No one would rate books if we had to think about so many categories.  Instead, we've got a single overall rating; did the rater like the book or not?  Are the raters screwing up the usefulness of the rating system when they give a low score to a good book just because they didn't like it?  I think not.  I think the rating system is doing its job because of its ability to do long tail matching.

If a rater rates an author's book low as well as other books they don't like, then other potential buyers who also rated the first rater's book low, but haven't read the author's book yet, will not be recommended the author's book.  Did that make sense?  Let's try again.  If A hates X and Y and B hates Y, then Amazon won't recommend to B that he or she buy X.  That's ok, because they were unlikely to like it anyway and the good thing is that it leaves more room on the recommended list for books that they should like.  In other words, the low ratings on books are helping correctly match buyers and books.  Even though the low scores might be knocking down the rating of their books (and their egos), all authors benefit because more appropriate books are presented.

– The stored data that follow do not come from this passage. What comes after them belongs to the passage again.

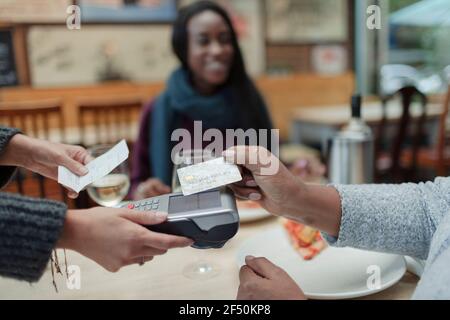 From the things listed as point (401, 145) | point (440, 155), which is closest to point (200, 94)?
point (401, 145)

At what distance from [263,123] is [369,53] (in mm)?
2760

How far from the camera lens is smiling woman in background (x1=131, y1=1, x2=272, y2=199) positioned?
1.59 meters

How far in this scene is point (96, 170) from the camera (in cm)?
68

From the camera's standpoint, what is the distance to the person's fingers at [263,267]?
60cm

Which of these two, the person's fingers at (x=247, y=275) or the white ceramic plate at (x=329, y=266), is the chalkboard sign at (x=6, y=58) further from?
the person's fingers at (x=247, y=275)

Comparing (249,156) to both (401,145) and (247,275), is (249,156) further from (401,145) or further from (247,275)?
(401,145)

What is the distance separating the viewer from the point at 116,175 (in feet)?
2.91

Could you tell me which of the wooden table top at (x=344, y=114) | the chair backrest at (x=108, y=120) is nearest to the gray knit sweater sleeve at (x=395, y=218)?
the chair backrest at (x=108, y=120)

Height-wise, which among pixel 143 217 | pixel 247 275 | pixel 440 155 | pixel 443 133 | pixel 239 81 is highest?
pixel 239 81

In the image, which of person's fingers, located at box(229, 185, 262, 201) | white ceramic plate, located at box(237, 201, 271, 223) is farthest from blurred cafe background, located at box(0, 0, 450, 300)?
person's fingers, located at box(229, 185, 262, 201)

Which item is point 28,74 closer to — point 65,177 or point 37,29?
point 37,29

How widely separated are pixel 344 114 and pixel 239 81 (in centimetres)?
154

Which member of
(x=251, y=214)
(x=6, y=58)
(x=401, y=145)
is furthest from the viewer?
(x=6, y=58) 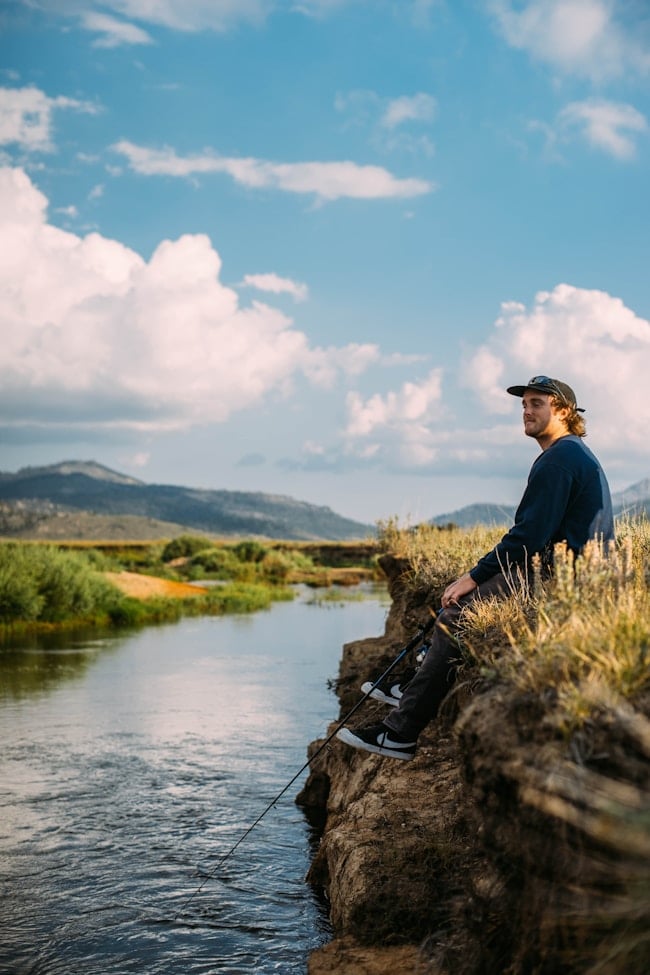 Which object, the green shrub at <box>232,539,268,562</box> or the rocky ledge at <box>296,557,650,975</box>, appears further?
the green shrub at <box>232,539,268,562</box>

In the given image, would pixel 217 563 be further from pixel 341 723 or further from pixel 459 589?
pixel 459 589

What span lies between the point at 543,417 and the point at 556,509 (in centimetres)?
75

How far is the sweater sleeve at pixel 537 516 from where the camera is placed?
5883 millimetres

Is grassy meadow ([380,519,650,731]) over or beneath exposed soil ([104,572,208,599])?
over

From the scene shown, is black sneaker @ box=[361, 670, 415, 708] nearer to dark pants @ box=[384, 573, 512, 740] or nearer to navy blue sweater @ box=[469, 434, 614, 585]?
dark pants @ box=[384, 573, 512, 740]

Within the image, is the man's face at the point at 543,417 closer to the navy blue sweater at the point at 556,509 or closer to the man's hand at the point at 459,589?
the navy blue sweater at the point at 556,509

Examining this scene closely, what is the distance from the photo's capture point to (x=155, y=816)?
31.4ft

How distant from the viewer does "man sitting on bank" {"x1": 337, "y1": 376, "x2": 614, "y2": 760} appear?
5891mm

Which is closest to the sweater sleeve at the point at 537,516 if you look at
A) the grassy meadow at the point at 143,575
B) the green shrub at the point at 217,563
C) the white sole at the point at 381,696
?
the white sole at the point at 381,696

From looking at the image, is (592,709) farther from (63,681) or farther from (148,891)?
(63,681)

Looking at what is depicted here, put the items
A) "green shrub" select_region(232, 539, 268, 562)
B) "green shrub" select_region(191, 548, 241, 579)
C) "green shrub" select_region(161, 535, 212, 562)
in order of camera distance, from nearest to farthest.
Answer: "green shrub" select_region(191, 548, 241, 579), "green shrub" select_region(232, 539, 268, 562), "green shrub" select_region(161, 535, 212, 562)

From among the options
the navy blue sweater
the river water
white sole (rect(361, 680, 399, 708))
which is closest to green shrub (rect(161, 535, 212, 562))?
the river water

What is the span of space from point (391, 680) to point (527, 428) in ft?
7.12

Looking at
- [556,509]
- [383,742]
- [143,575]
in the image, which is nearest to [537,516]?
[556,509] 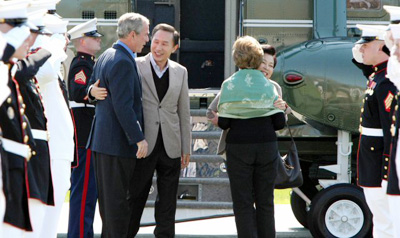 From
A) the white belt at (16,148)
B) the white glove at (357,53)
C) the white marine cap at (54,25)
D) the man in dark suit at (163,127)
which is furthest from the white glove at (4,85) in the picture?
the white glove at (357,53)

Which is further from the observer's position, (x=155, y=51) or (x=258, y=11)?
(x=258, y=11)

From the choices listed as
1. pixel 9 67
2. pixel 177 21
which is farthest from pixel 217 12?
pixel 9 67

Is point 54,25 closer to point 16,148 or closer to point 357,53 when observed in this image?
point 16,148

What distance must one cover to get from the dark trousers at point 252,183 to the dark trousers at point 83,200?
126 cm

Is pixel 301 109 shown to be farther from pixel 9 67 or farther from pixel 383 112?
pixel 9 67

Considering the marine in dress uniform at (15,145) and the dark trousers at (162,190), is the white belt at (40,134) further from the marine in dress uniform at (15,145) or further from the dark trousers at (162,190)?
the dark trousers at (162,190)

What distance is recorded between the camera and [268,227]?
5805 mm

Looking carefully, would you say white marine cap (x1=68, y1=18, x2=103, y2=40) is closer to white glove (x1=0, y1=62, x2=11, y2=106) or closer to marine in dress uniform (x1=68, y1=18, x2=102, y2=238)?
marine in dress uniform (x1=68, y1=18, x2=102, y2=238)

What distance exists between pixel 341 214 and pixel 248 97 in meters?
1.77

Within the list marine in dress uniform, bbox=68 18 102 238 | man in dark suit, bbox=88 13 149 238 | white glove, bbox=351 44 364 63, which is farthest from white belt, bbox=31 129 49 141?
white glove, bbox=351 44 364 63

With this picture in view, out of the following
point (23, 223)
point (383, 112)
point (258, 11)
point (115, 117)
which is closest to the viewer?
point (23, 223)

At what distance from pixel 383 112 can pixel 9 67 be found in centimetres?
241

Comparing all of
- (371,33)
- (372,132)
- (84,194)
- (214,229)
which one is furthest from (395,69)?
(214,229)

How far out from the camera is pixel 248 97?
5711mm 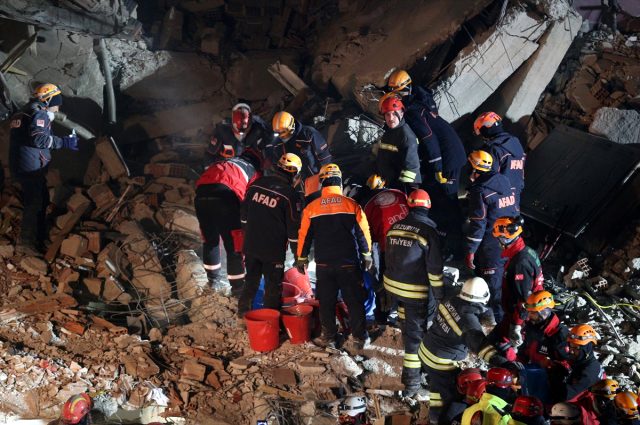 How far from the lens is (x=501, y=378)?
485 centimetres

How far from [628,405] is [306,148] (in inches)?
Answer: 208

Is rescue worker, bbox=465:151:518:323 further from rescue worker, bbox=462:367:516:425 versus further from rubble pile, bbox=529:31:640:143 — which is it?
rubble pile, bbox=529:31:640:143

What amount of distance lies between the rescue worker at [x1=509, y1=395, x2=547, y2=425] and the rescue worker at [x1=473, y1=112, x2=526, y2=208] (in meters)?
4.22

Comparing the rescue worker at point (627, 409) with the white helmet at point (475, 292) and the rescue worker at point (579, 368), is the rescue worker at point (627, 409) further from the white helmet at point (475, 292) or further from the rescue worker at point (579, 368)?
the white helmet at point (475, 292)

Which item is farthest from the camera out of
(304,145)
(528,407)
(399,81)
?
(399,81)

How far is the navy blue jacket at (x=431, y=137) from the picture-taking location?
9008 millimetres

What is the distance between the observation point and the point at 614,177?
9.51 m

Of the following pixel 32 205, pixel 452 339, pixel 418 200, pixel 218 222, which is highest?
pixel 418 200

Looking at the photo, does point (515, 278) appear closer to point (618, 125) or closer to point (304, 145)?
Result: point (304, 145)

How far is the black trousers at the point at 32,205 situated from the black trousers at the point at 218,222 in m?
2.62

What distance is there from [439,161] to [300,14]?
6.18 metres

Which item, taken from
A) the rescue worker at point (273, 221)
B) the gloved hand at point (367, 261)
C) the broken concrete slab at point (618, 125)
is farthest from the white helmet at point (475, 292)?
the broken concrete slab at point (618, 125)

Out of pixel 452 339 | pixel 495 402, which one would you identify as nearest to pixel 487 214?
pixel 452 339

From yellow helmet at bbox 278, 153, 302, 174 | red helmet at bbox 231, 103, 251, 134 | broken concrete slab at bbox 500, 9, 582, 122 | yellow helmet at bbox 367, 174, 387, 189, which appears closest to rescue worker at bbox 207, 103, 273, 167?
red helmet at bbox 231, 103, 251, 134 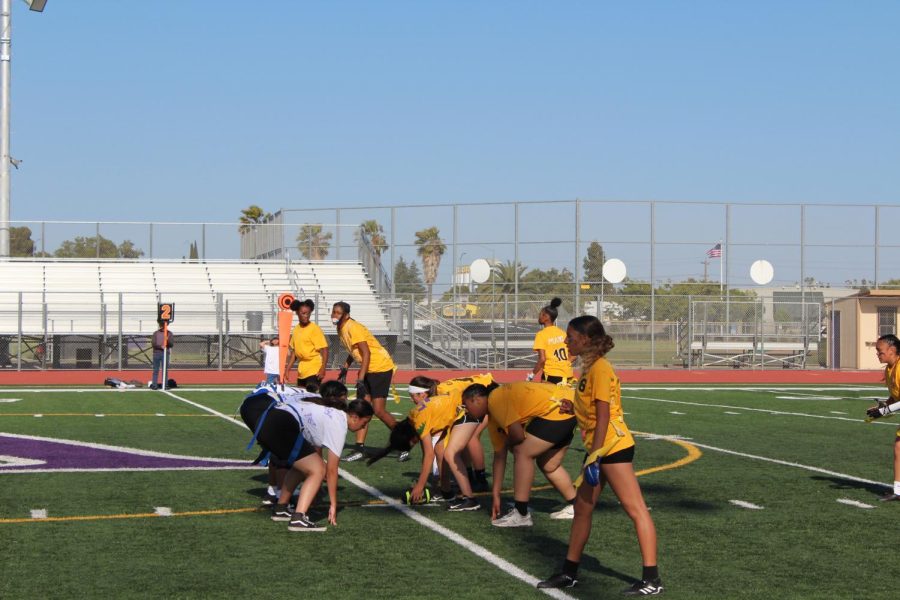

Anyway, as I do my final edits and prepare to upload my book, that's what I'm telling myself.

Wednesday, June 20, 2012

Introduction

Greetings and welcome to my blog.

I intend to post about random things that interest me.  Currently that's writing, self-publishing, science fiction, mysteries, and thrillers in one semi-related bucket of topics as well as games, game programming, game design, MMO's, and FPS's in another.  I'm also interested in Internet technology and advertising.  No doubt other things will come up.

The blog title "Way Outside the Box" comes from my interest in unconventional solutions to conventional problems.